Nike, Inc. Case
Autor: ngpitts49 • October 15, 2016 • Case Study • 1,754 Words (8 Pages) • 834 Views
Nike, Inc., a company that has been in business since 1964, is a part of the consumer goods industry, operating in the personal goods industry sector. Nike manufactures textiles of apparel, footwear, and accessories. According to Lutz (2015) Nike, “…controls a shocking 62% of US brand share of sneakers,” (Para. 1). This shows that Nike is the leader in its industry, controlling more than half of the market. Lutz (2015) proclaimed that Nike has 3 major operating risks associated with the company. The three operating risks are consumers no longer wanting to purchase athletic wear, the continued growth of Under Armor, and China no longer being a growth for Nike (Lutz, 2015). Nike depends on the sale of its athletic wear to continue with the growth of the company. If consumers are no longer purchasing the athletic wear Nike will not receive the capital anticipated from that area. This is a risk that Nike hopes to avoid.
Under Armor has emerged as a contender in the market. With its successful marketing strategies, Under Armor is proving to be a competitor that could have a huge impact on Nike’s continued market dominance. Under Armor has emerged in the market due to its endorsement of famous athletes. This is a dynamic marketing strategy for Under Armor to help build its brand. Nike has also endorsed famous athletes to help attract consumers to its brand and this continues to remain positive for Nike. Nike must continue to find ways to remain number one in the market without worrying about the growth of Under Armor. Although Under Armor receives less than a third of the revenue Nike earns, its continued growth shows that it has the potential to pose a threat to Nike in the future (Lutz, 2015).
The third operating risk that Nike faces is the possible disappointment of lacking in athletic wear sales in China. Nike depends on its sales force in the Chinese market. Nike has tapped into global markets and receives profits from companies worldwide. This makes Nike continue to remain number one in its industry. The company believes that they have the potential to earn huge profits in China.

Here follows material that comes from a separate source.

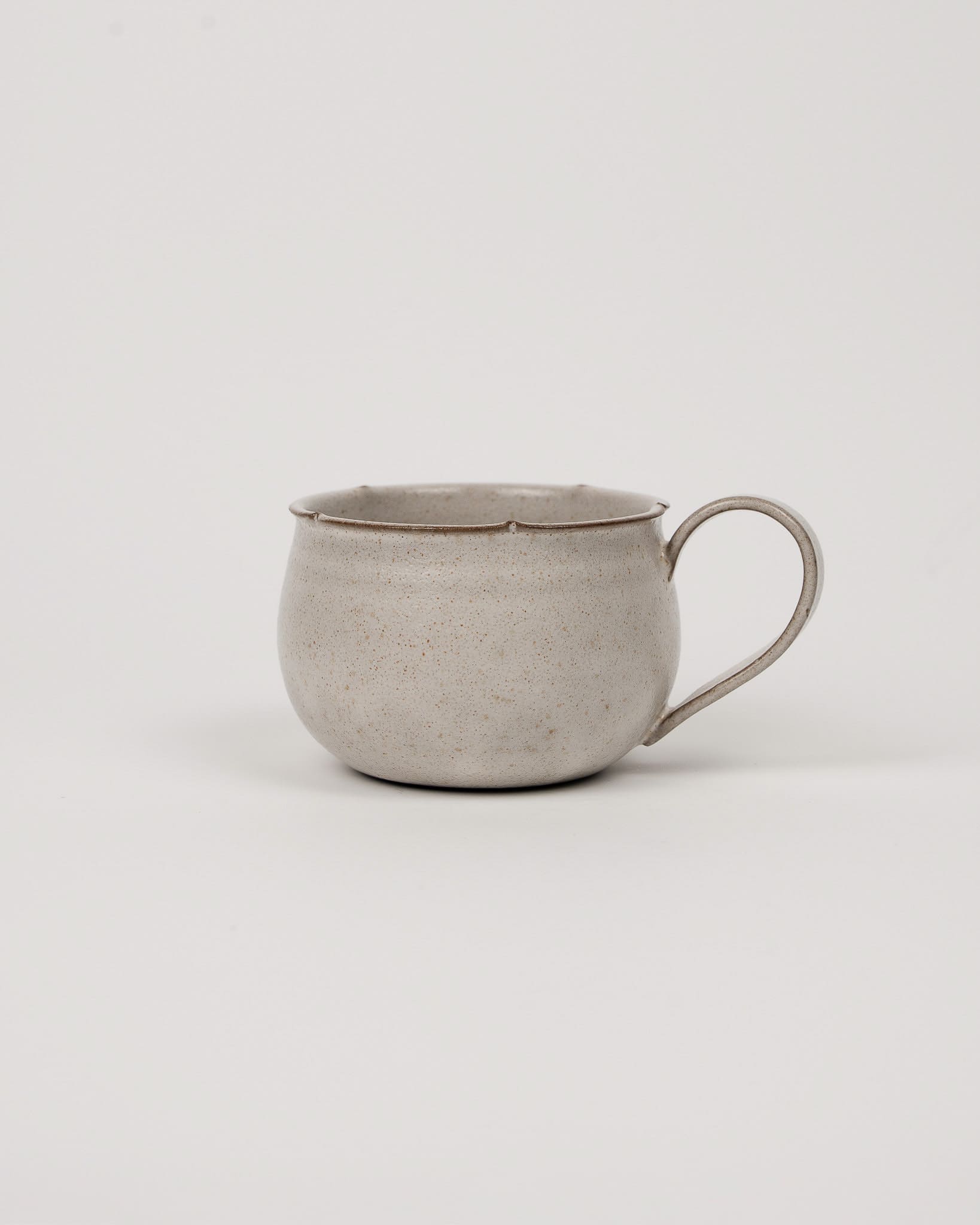 Lunar Sand Bloom Rim Mug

If Nike is not successful in the Chinese market the way they intend to be this would have a negative impact on the company’s growth in that country, which poses an operating risk for the company overall.
Nike uses equity and debt to finance its company. The capital structure is unlevered equity. The company has the leverage needed to make the company look more attractive. Nike has both short-term and long-term debt in the form of bonds and other securities. Stock Analysis on Net (2016) provides the financial information needed to examine and analyze Nike’s ratios for profitability, liquidity, leverage, and solvency. The ratios are calculated to help determine the company’s strengths and weaknesses. In regards to the debt to total capitalization ratio as of May 31, 2015, Nike is operating at a ratio of 0.09 (Stock Analysis on Net, 2016). The total debt was $1,260 million and the Shareholders’ equity was $12,707 million (Stock Analysis on Net, 2016). The total capital totaled $13,967 million (Stock Analysis on Net, 2016). When calculating the debt-to-capitalization ratio $1,260 million/$13,967 million it equals 0.09 (Stock Analysis on Net, 2016). Nike does not have any preferred stock. The company only has common stock.